**Given records**.

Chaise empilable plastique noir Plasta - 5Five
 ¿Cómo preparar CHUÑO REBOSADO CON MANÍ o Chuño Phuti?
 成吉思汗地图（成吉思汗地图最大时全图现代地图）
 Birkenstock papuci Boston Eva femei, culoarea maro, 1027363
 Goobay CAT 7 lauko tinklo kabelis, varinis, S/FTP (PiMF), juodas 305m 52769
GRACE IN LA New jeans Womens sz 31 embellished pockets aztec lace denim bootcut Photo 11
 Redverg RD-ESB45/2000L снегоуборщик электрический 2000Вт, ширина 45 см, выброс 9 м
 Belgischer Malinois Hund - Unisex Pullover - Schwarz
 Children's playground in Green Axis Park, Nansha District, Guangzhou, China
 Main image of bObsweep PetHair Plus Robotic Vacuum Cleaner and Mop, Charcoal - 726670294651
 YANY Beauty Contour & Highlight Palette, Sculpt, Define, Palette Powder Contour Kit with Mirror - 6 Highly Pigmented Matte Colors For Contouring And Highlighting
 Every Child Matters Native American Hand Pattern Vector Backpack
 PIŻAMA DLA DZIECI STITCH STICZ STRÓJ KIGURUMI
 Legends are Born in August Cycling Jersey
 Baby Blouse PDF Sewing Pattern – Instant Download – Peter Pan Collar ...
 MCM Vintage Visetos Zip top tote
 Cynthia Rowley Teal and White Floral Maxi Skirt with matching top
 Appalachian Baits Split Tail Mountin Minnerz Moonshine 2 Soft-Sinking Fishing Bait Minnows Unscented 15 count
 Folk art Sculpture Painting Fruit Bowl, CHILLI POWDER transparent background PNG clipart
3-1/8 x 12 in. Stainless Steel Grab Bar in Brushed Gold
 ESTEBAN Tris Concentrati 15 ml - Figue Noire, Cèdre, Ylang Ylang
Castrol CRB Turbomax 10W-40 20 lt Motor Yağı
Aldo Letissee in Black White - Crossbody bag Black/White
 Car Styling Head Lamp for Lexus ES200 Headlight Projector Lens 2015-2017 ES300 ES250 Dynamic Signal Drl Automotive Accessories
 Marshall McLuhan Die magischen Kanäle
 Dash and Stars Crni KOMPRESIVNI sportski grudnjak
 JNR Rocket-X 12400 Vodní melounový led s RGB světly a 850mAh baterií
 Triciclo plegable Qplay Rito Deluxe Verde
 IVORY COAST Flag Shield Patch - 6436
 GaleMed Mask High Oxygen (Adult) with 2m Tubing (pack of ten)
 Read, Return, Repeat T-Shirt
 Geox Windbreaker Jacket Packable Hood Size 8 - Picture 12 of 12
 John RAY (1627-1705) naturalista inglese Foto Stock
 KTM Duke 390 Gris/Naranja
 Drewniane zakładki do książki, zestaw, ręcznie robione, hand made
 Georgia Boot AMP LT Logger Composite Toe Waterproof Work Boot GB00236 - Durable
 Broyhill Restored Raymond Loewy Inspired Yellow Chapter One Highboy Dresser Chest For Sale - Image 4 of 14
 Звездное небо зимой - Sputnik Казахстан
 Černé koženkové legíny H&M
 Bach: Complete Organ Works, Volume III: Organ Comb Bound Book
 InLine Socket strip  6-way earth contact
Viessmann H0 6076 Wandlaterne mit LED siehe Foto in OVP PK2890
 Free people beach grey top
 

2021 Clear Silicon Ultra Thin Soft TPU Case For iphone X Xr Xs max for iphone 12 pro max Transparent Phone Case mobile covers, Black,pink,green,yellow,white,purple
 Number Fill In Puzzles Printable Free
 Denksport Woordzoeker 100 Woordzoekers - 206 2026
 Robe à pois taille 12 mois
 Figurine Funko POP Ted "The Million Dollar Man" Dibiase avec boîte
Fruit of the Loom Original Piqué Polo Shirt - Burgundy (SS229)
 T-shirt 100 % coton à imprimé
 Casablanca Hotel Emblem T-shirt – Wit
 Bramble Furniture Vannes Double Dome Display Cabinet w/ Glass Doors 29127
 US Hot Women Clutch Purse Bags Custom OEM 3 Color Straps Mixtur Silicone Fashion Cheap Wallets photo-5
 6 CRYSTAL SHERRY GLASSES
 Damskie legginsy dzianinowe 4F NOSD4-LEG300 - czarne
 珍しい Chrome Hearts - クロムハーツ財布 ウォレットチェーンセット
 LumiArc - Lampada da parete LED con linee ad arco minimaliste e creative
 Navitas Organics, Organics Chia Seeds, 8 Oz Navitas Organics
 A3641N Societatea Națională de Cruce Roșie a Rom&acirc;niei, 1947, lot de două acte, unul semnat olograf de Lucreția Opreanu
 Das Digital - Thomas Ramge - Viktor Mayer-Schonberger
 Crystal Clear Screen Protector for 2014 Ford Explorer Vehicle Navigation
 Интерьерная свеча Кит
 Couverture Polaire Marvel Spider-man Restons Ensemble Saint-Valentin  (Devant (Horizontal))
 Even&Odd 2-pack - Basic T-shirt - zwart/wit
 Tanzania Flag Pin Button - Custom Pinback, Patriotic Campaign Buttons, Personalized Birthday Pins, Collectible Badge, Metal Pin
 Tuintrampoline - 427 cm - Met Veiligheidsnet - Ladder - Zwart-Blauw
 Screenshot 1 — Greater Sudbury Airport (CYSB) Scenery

**Assignment**.
Without altering a single word, transcribe the entries above.

**Answer below**.
Chaise empilable plastique noir Plasta - 5Five
 ¿Cómo preparar CHUÑO REBOSADO CON MANÍ o Chuño Phuti?
 成吉思汗地图（成吉思汗地图最大时全图现代地图）
 Birkenstock papuci Boston Eva femei, culoarea maro, 1027363
 Goobay CAT 7 lauko tinklo kabelis, varinis, S/FTP (PiMF), juodas 305m 52769
GRACE IN LA New jeans Womens sz 31 embellished pockets aztec lace denim bootcut Photo 11
 Redverg RD-ESB45/2000L снегоуборщик электрический 2000Вт, ширина 45 см, выброс 9 м
 Belgischer Malinois Hund - Unisex Pullover - Schwarz
 Children's playground in Green Axis Park, Nansha District, Guangzhou, China
 Main image of bObsweep PetHair Plus Robotic Vacuum Cleaner and Mop, Charcoal - 726670294651
 YANY Beauty Contour & Highlight Palette, Sculpt, Define, Palette Powder Contour Kit with Mirror - 6 Highly Pigmented Matte Colors For Contouring And Highlighting
 Every Child Matters Native American Hand Pattern Vector Backpack
 PIŻAMA DLA DZIECI STITCH STICZ STRÓJ KIGURUMI
 Legends are Born in August Cycling Jersey
 Baby Blouse PDF Sewing Pattern – Instant Download – Peter Pan Collar ...
 MCM Vintage Visetos Zip top tote
 Cynthia Rowley Teal and White Floral Maxi Skirt with matching top
 Appalachian Baits Split Tail Mountin Minnerz Moonshine 2 Soft-Sinking Fishing Bait Minnows Unscented 15 count
 Folk art Sculpture Painting Fruit Bowl, CHILLI POWDER transparent background PNG clipart
3-1/8 x 12 in. Stainless Steel Grab Bar in Brushed Gold
 ESTEBAN Tris Concentrati 15 ml - Figue Noire, Cèdre, Ylang Ylang
Castrol CRB Turbomax 10W-40 20 lt Motor Yağı
Aldo Letissee in Black White - Crossbody bag Black/White
 Car Styling Head Lamp for Lexus ES200 Headlight Projector Lens 2015-2017 ES300 ES250 Dynamic Signal Drl Automotive Accessories
 Marshall McLuhan Die magischen Kanäle
 Dash and Stars Crni KOMPRESIVNI sportski grudnjak
 JNR Rocket-X 12400 Vodní melounový led s RGB světly a 850mAh baterií
 Triciclo plegable Qplay Rito Deluxe Verde
 IVORY COAST Flag Shield Patch - 6436
 GaleMed Mask High Oxygen (Adult) with 2m Tubing (pack of ten)
 Read, Return, Repeat T-Shirt
 Geox Windbreaker Jacket Packable Hood Size 8 - Picture 12 of 12
 John RAY (1627-1705) naturalista inglese Foto Stock
 KTM Duke 390 Gris/Naranja
 Drewniane zakładki do książki, zestaw, ręcznie robione, hand made
 Georgia Boot AMP LT Logger Composite Toe Waterproof Work Boot GB00236 - Durable
 Broyhill Restored Raymond Loewy Inspired Yellow Chapter One Highboy Dresser Chest For Sale - Image 4 of 14
 Звездное небо зимой - Sputnik Казахстан
 Černé koženkové legíny H&M
 Bach: Complete Organ Works, Volume III: Organ Comb Bound Book
 InLine Socket strip  6-way earth contact
Viessmann H0 6076 Wandlaterne mit LED siehe Foto in OVP PK2890
 Free people beach grey top
 

2021 Clear Silicon Ultra Thin Soft TPU Case For iphone X Xr Xs max for iphone 12 pro max Transparent Phone Case mobile covers, Black,pink,green,yellow,white,purple
 Number Fill In Puzzles Printable Free
 Denksport Woordzoeker 100 Woordzoekers - 206 2026
 Robe à pois taille 12 mois
 Figurine Funko POP Ted "The Million Dollar Man" Dibiase avec boîte
Fruit of the Loom Original Piqué Polo Shirt - Burgundy (SS229)
 T-shirt 100 % coton à imprimé
 Casablanca Hotel Emblem T-shirt – Wit
 Bramble Furniture Vannes Double Dome Display Cabinet w/ Glass Doors 29127
 US Hot Women Clutch Purse Bags Custom OEM 3 Color Straps Mixtur Silicone Fashion Cheap Wallets photo-5
 6 CRYSTAL SHERRY GLASSES
 Damskie legginsy dzianinowe 4F NOSD4-LEG300 - czarne
 珍しい Chrome Hearts - クロムハーツ財布 ウォレットチェーンセット
 LumiArc - Lampada da parete LED con linee ad arco minimaliste e creative
 Navitas Organics, Organics Chia Seeds, 8 Oz Navitas Organics
 A3641N Societatea Națională de Cruce Roșie a Rom&acirc;niei, 1947, lot de două acte, unul semnat olograf de Lucreția Opreanu
 Das Digital - Thomas Ramge - Viktor Mayer-Schonberger
 Crystal Clear Screen Protector for 2014 Ford Explorer Vehicle Navigation
 Интерьерная свеча Кит
 Couverture Polaire Marvel Spider-man Restons Ensemble Saint-Valentin  (Devant (Horizontal))
 Even&Odd 2-pack - Basic T-shirt - zwart/wit
 Tanzania Flag Pin Button - Custom Pinback, Patriotic Campaign Buttons, Personalized Birthday Pins, Collectible Badge, Metal Pin
 Tuintrampoline - 427 cm - Met Veiligheidsnet - Ladder - Zwart-Blauw
 Screenshot 1 — Greater Sudbury Airport (CYSB) Scenery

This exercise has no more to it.